**Work item**
Nothing but the lines from the one containing "Owala SmoothSip Slider" through the one containing "3/$20 New Blue & Green Druzy Triangle Studs", both included, should be given again, each exactly as written below.

- - - - - - -

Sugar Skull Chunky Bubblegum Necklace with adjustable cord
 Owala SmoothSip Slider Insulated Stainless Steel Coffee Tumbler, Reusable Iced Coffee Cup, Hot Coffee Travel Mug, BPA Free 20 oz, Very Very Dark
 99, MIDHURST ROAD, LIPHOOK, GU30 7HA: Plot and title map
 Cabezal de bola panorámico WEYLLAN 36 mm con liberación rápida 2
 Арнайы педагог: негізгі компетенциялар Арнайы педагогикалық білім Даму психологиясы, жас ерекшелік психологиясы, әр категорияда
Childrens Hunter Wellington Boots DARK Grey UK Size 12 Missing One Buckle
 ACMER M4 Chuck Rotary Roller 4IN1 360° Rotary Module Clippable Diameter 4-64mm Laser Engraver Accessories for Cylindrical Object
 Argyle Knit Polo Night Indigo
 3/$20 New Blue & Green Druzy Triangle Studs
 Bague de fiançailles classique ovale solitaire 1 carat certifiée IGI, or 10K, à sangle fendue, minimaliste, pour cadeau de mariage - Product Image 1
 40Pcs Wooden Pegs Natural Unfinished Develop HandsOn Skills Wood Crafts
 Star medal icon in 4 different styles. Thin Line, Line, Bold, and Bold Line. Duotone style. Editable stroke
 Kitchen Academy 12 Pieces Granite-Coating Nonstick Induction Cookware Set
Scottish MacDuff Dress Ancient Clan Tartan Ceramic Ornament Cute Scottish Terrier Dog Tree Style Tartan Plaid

- - - - - - -

**Solution**
 Owala SmoothSip Slider Insulated Stainless Steel Coffee Tumbler, Reusable Iced Coffee Cup, Hot Coffee Travel Mug, BPA Free 20 oz, Very Very Dark
 99, MIDHURST ROAD, LIPHOOK, GU30 7HA: Plot and title map
 Cabezal de bola panorámico WEYLLAN 36 mm con liberación rápida 2
 Арнайы педагог: негізгі компетенциялар Арнайы педагогикалық білім Даму психологиясы, жас ерекшелік психологиясы, әр категорияда
Childrens Hunter Wellington Boots DARK Grey UK Size 12 Missing One Buckle
 ACMER M4 Chuck Rotary Roller 4IN1 360° Rotary Module Clippable Diameter 4-64mm Laser Engraver Accessories for Cylindrical Object
 Argyle Knit Polo Night Indigo
 3/$20 New Blue & Green Druzy Triangle Studs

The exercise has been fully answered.